===== Data provided
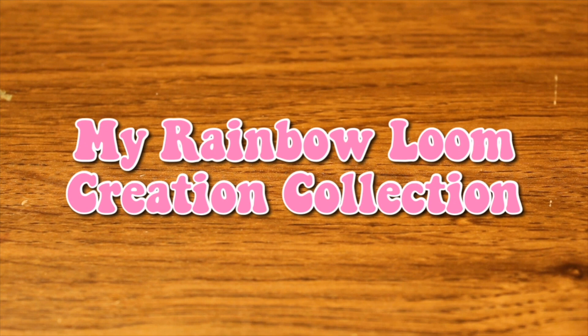Hello everyone, welcome back to another video! Today's video is going to be a Rainbow Loom collection showcase. Over the past few years I've been making a bunch of rainbow loom creations. Without further ado, let's get started.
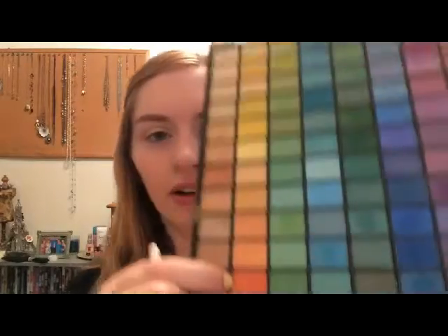Then we're just going to flip the brush over and dip it in more of that setting spray. And then we're gonna use this bright orange — well, it's not really that bright, just normal orange — and blend that into the yellow on the outer part of your eyelid.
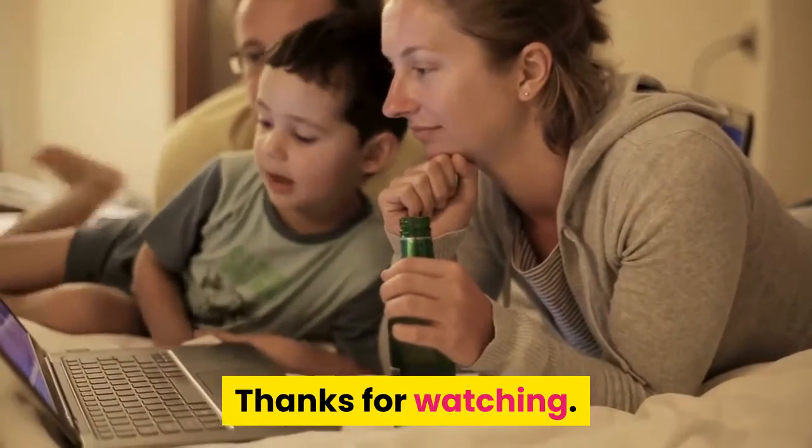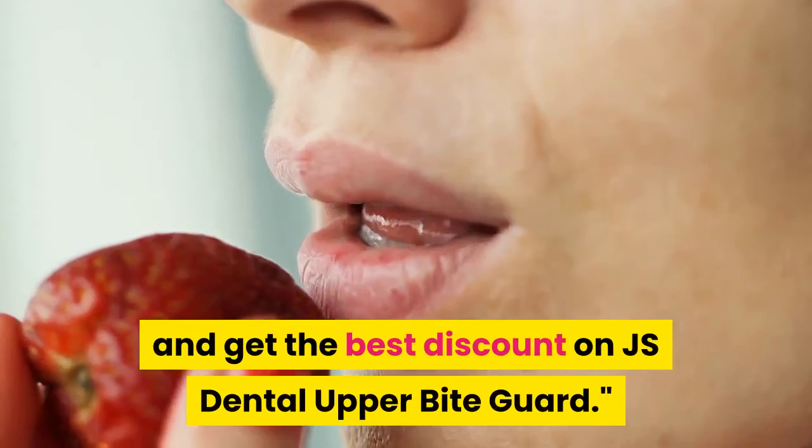Thanks for watching. Follow the link below and get the best discount on JS Dental Upper Bite Guard.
==========
Since the listing holds pictures, return everything else in it exactly and omit those.

Hello everyone, welcome back to another video! Today's video is going to be a Rainbow Loom collection showcase. Over the past few years I've been making a bunch of rainbow loom creations. Without further ado, let's get started.
Then we're just going to flip the brush over and dip it in more of that setting spray. And then we're gonna use this bright orange — well, it's not really that bright, just normal orange — and blend that into the yellow on the outer part of your eyelid.
Thanks for watching. Follow the link below and get the best discount on JS Dental Upper Bite Guard.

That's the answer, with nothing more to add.